RECORDS PROVIDED:
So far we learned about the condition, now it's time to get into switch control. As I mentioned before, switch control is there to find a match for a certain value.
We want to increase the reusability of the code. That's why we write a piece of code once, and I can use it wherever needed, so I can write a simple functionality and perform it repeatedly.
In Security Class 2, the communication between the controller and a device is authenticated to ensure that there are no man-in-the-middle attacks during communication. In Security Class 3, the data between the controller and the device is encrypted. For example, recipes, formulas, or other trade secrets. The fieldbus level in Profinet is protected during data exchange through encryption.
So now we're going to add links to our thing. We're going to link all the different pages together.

* * *

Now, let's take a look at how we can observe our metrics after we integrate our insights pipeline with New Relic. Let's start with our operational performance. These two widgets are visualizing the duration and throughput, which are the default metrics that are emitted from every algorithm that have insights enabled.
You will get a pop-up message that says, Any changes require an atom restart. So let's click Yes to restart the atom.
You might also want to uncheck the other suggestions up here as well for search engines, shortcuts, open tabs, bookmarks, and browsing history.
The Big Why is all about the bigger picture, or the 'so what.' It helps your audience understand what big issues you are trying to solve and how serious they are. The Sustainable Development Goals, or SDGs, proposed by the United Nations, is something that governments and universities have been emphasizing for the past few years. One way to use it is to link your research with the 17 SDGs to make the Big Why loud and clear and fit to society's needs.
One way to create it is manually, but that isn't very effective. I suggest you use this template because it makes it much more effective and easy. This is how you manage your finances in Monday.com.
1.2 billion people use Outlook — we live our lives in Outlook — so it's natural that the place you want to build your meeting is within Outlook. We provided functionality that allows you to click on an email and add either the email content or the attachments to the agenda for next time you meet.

WHAT IS BEING ASKED: In the data above, start at the line that has "You might also", stop after the line that has "The Big Why is", and print every line in between exactly as it stands.

RESPONSE:
You might also want to uncheck the other suggestions up here as well for search engines, shortcuts, open tabs, bookmarks, and browsing history.
The Big Why is all about the bigger picture, or the 'so what.' It helps your audience understand what big issues you are trying to solve and how serious they are. The Sustainable Development Goals, or SDGs, proposed by the United Nations, is something that governments and universities have been emphasizing for the past few years. One way to use it is to link your research with the 17 SDGs to make the Big Why loud and clear and fit to society's needs.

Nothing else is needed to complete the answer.